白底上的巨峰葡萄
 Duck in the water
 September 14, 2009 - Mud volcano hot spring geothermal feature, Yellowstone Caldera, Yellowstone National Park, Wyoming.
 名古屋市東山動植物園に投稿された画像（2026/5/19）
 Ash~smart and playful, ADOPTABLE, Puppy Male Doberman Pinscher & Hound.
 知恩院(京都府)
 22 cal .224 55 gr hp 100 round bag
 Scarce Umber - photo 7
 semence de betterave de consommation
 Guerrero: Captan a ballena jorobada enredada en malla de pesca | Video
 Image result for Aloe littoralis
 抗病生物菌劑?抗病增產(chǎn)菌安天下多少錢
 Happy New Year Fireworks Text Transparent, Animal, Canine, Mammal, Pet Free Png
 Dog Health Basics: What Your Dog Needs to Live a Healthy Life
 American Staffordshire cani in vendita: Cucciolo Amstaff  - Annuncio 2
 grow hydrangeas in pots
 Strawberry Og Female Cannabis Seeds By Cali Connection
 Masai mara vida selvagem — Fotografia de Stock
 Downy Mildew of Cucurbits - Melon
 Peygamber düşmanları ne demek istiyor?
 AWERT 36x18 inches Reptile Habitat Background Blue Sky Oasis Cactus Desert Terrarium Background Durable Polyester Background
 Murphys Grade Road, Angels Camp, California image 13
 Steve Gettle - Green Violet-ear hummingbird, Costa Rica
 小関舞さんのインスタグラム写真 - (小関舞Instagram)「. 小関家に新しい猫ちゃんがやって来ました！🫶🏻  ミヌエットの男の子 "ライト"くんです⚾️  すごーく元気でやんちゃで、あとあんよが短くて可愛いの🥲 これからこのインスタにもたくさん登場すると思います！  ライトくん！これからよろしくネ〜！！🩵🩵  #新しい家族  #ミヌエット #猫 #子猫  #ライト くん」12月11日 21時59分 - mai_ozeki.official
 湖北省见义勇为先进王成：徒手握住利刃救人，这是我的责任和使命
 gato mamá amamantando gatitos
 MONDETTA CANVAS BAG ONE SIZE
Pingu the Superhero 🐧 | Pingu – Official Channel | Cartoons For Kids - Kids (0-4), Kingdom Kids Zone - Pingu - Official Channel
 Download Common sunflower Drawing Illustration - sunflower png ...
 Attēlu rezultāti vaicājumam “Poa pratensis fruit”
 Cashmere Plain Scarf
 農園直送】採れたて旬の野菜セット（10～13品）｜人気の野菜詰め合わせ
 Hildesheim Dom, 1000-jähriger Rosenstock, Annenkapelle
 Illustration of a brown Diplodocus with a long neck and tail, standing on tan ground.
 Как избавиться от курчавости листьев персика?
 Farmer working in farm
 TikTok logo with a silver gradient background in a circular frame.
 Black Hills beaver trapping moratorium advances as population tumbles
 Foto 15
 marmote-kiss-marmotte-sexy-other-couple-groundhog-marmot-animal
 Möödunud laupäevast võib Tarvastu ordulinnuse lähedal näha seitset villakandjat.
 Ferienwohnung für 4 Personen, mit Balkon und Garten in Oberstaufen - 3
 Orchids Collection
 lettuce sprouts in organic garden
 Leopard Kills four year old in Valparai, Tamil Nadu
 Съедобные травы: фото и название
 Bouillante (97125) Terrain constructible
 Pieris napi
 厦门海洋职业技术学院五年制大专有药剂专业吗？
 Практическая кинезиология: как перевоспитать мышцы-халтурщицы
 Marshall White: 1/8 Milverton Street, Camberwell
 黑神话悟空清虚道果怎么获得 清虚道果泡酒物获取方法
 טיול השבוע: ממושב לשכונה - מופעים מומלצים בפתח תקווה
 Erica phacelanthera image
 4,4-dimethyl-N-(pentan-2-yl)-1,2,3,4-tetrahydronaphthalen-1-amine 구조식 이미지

┄┄┄┄┄┄┄┄┄┄┄┄┄┄┄┄┄┄┄┄

**Activity**:
Beginning with the line that holds "marmote-kiss-marmotte-sexy-other-couple-groundhog-marmot-animal", restate word for word every line down to the end of the data, and only those lines.

**Output of the task**:
 marmote-kiss-marmotte-sexy-other-couple-groundhog-marmot-animal
 Möödunud laupäevast võib Tarvastu ordulinnuse lähedal näha seitset villakandjat.
 Ferienwohnung für 4 Personen, mit Balkon und Garten in Oberstaufen - 3
 Orchids Collection
 lettuce sprouts in organic garden
 Leopard Kills four year old in Valparai, Tamil Nadu
 Съедобные травы: фото и название
 Bouillante (97125) Terrain constructible
 Pieris napi
 厦门海洋职业技术学院五年制大专有药剂专业吗？
 Практическая кинезиология: как перевоспитать мышцы-халтурщицы
 Marshall White: 1/8 Milverton Street, Camberwell
 黑神话悟空清虚道果怎么获得 清虚道果泡酒物获取方法
 טיול השבוע: ממושב לשכונה - מופעים מומלצים בפתח תקווה
 Erica phacelanthera image
 4,4-dimethyl-N-(pentan-2-yl)-1,2,3,4-tetrahydronaphthalen-1-amine 구조식 이미지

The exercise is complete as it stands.